(DATA FOR PROCESSING begins)
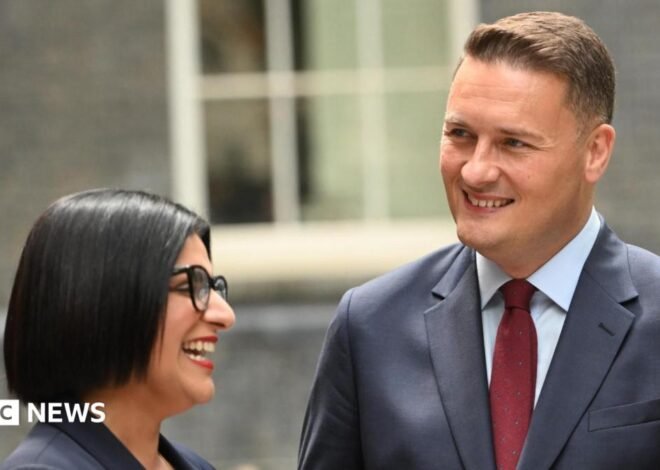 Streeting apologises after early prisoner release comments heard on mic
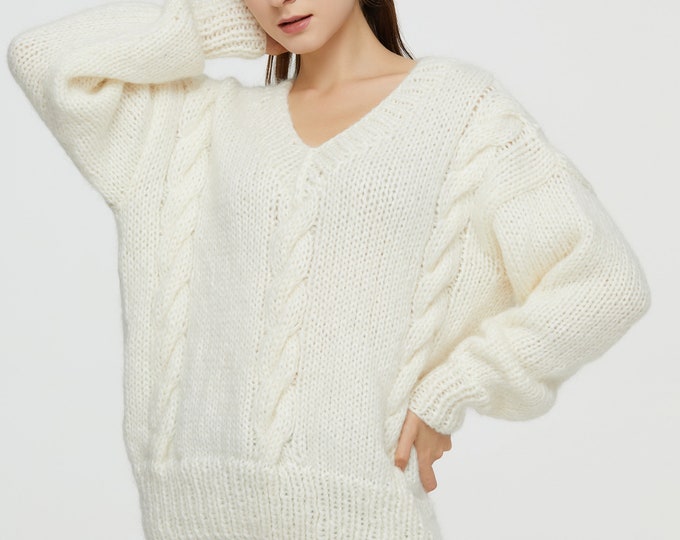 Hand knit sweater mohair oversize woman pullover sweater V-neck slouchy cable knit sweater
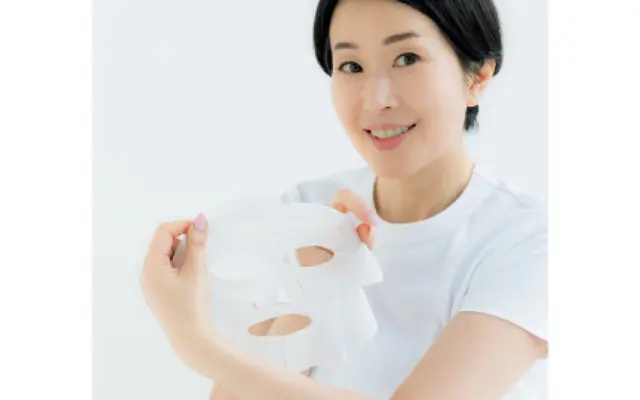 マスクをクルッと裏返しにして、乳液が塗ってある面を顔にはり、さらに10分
(DATA FOR PROCESSING ends)
(DATA FOR PROCESSING begins)
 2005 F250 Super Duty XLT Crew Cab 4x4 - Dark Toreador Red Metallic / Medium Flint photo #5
(DATA FOR PROCESSING ends)
(DATA FOR PROCESSING begins)
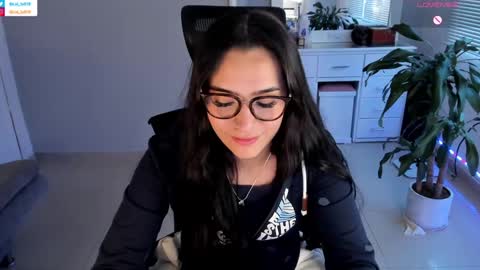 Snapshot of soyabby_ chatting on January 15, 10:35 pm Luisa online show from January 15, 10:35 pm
(DATA FOR PROCESSING ends)
Having found the line with "Hand knit sweater" and the line with "マスクをクルッと裏返しにして、乳液が塗ってある面を顔にはり、さらに10分" in the material above, write out exactly those two and every line between, leaving the pictures out.

WRITTEN ANSWER
 Hand knit sweater mohair oversize woman pullover sweater V-neck slouchy cable knit sweater
 マスクをクルッと裏返しにして、乳液が塗ってある面を顔にはり、さらに10分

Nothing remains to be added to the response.